天亮时,他撤回北庭,浑身浴血,笑得比朝阳还烈。
“来而不往非礼也。让儿郎们好好歇息,下午一身轻装抓俘虏!!”
……
消息传回长安时,已是三天后。
“好!”
李承乾听完军报,兴奋地拍着御案。
殿中武将更是纷纷叫好。程咬金拍着大腿,笑得合不拢嘴:“席君买这小子,老子没看错他!”

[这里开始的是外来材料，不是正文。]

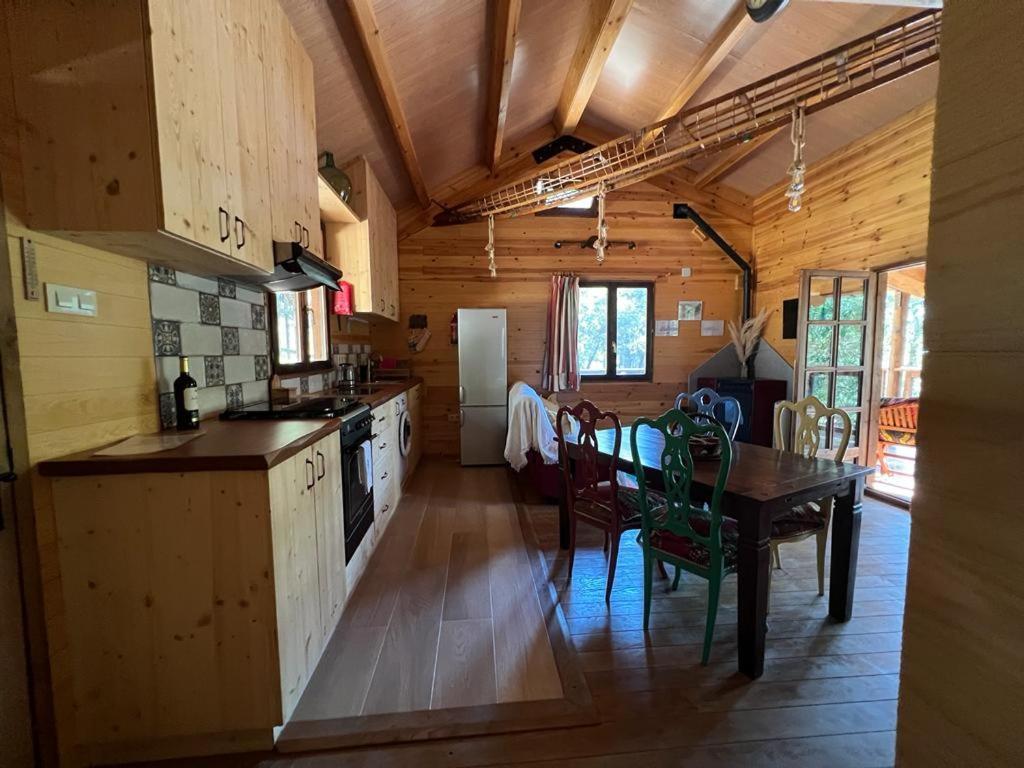 Rustic Cabin In The Woods/Cabana En El Bosque Amer Bagian luar foto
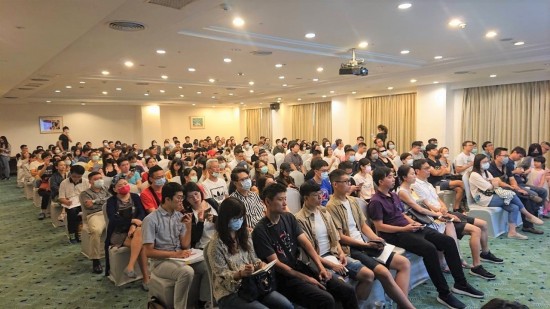 新業(yè)希望透過「客變說明會(huì)」，讓格局、動(dòng)線與擺設(shè)更貼近您理想中的生活，成為您生活幸福的後盾！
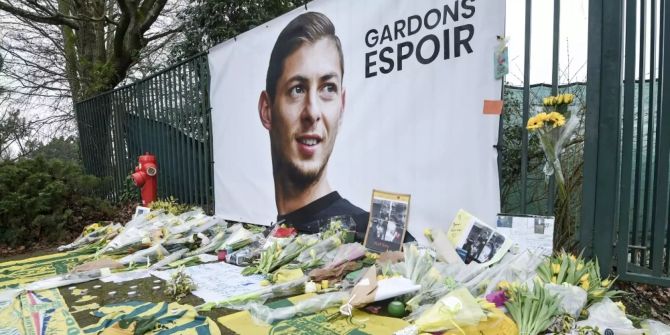 Fans legen Blumen für Emiliano Sala nieder.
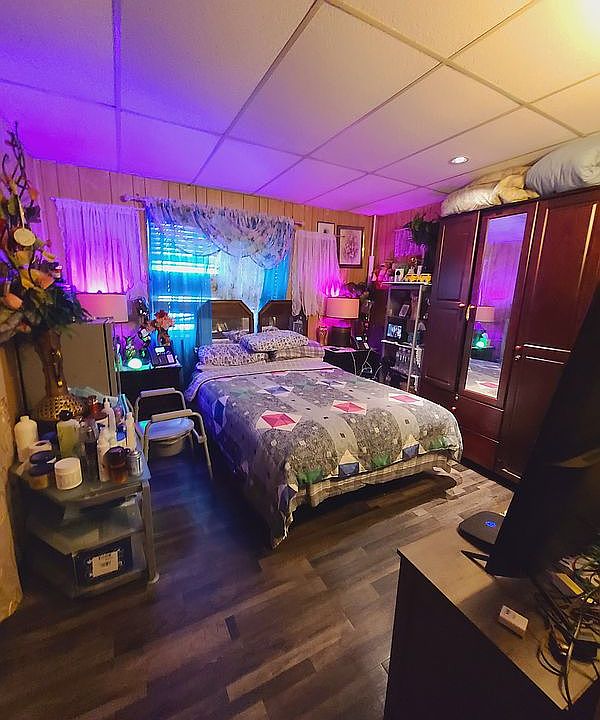 2nd image of 8617 Avenue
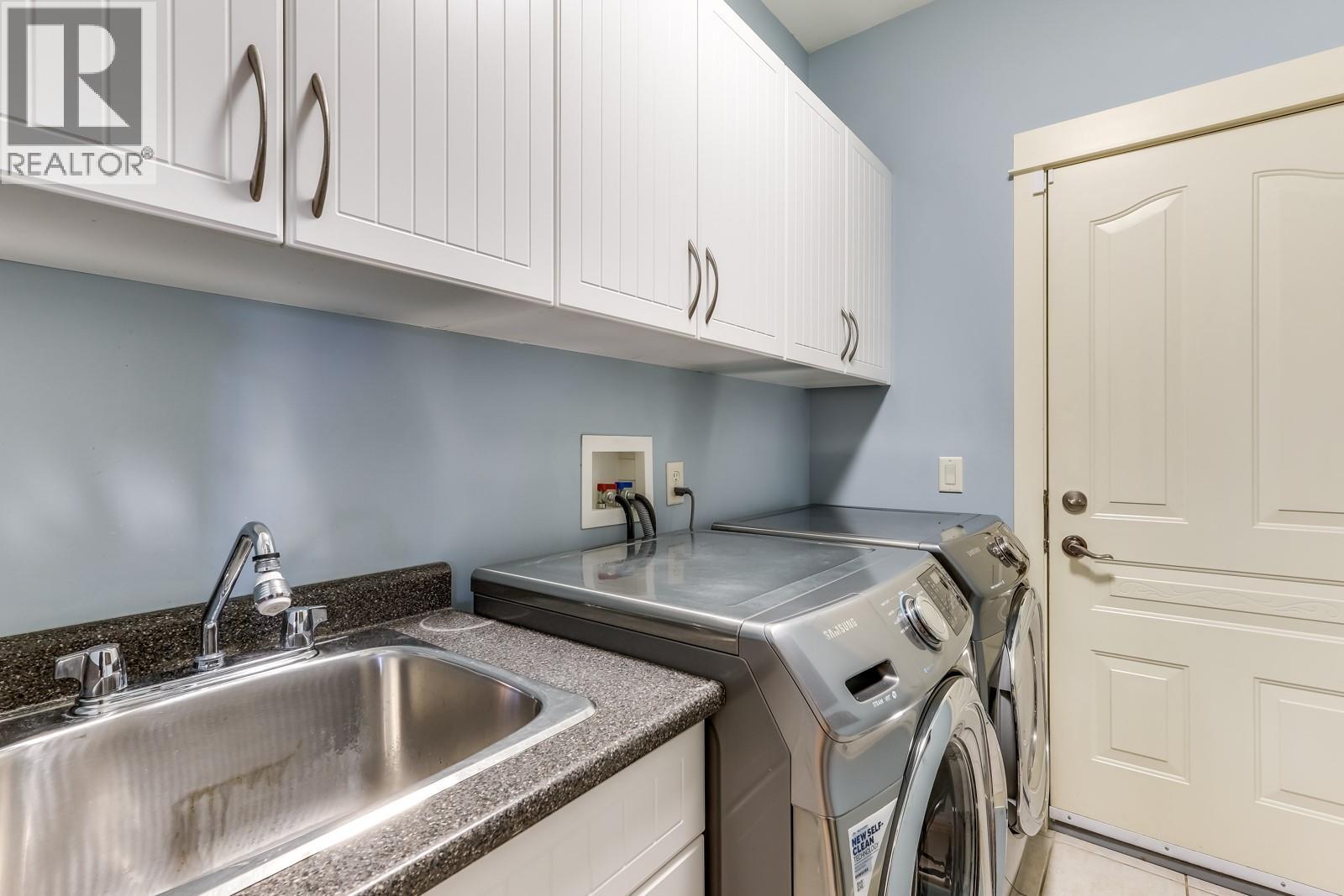 688 Almandine Court, Kelowna, British Columbia  V1W 4Z5 - Photo 13 - 10388480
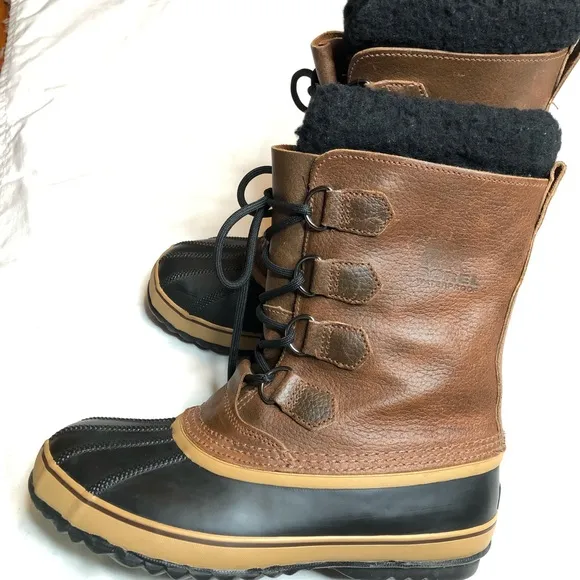 Sorel  tan  leather mid calf duck snow boots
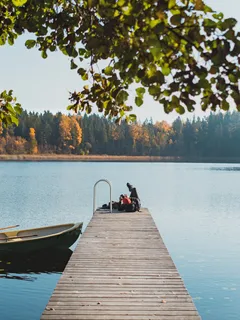 černá a šedá loď u hnědého dřevěného mola za denního světla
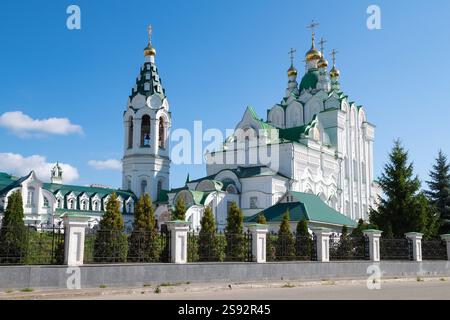 L'église de la Sainte Trinité (1736) un jour ensoleillé d'août, Yoshkar-Ola, Russie Banque D'Images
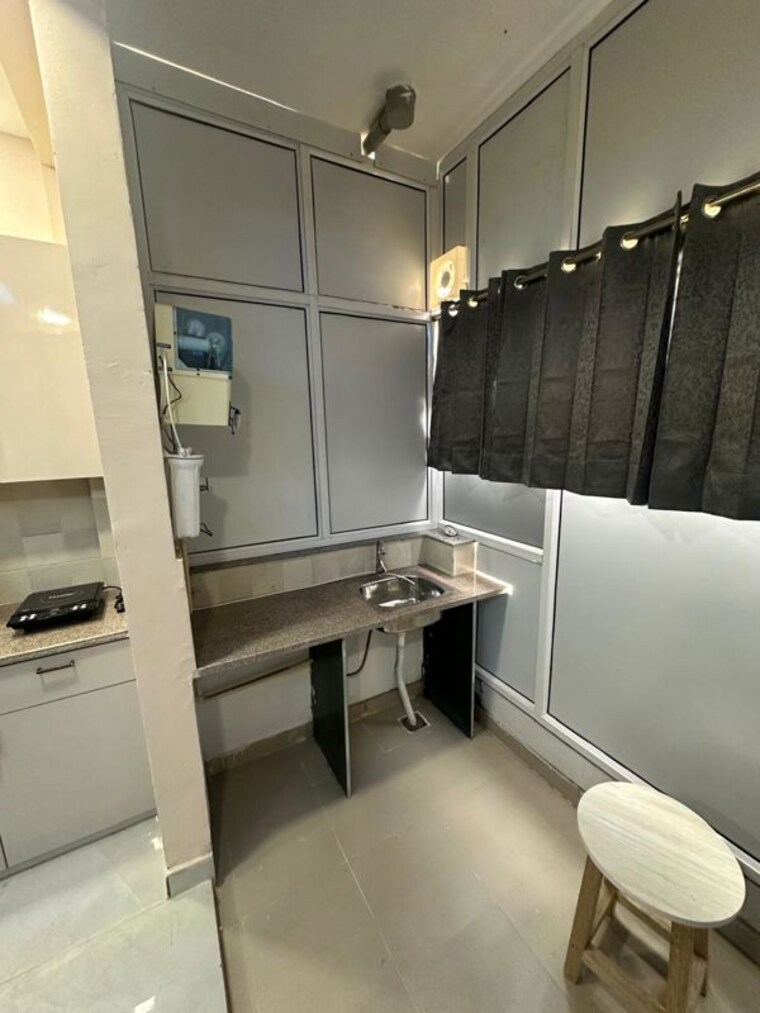 Kitchen, kohli-one-malibu-town 1 RK 600 Sq.Ft. Builder Floor In Sector 47 Gurgaon 10205662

尉迟恭也难得露出赞赏之色:“五千冲五万,有当年卫公袭阴山的风范。”
李靖端坐一旁,捋须微笑:“席君买之用兵,已得‘快、狠、猛’三字。
老夫真是没想到啊,他如此快就可独当一面。”
魏叔玉却只平静地听着。等众人热闹过后,他才开口:“席君买打得不错,但有一个问题。”
殿中一静。
李承乾看过来:“什么问题?”
“虽说他烧掉联军北营的粮草,也斩杀两万多敌军,但南营、东营还在。
要知道南疆一带太广阔,倘若他们沦为溃兵,也不知那些庄园守不守得住!”
李承乾皱眉:“妹夫,那该如何是好?”
魏叔玉道:“臣已经让王玄策从西海、安西抽调轻骑,带着庄园仆从军,从东边横推过去。
到时援军兵临北庭,自然是他们的末日!!”
李承乾点头,随即又叹:“你总说西域无碍,可朕这心里,总是不踏实。”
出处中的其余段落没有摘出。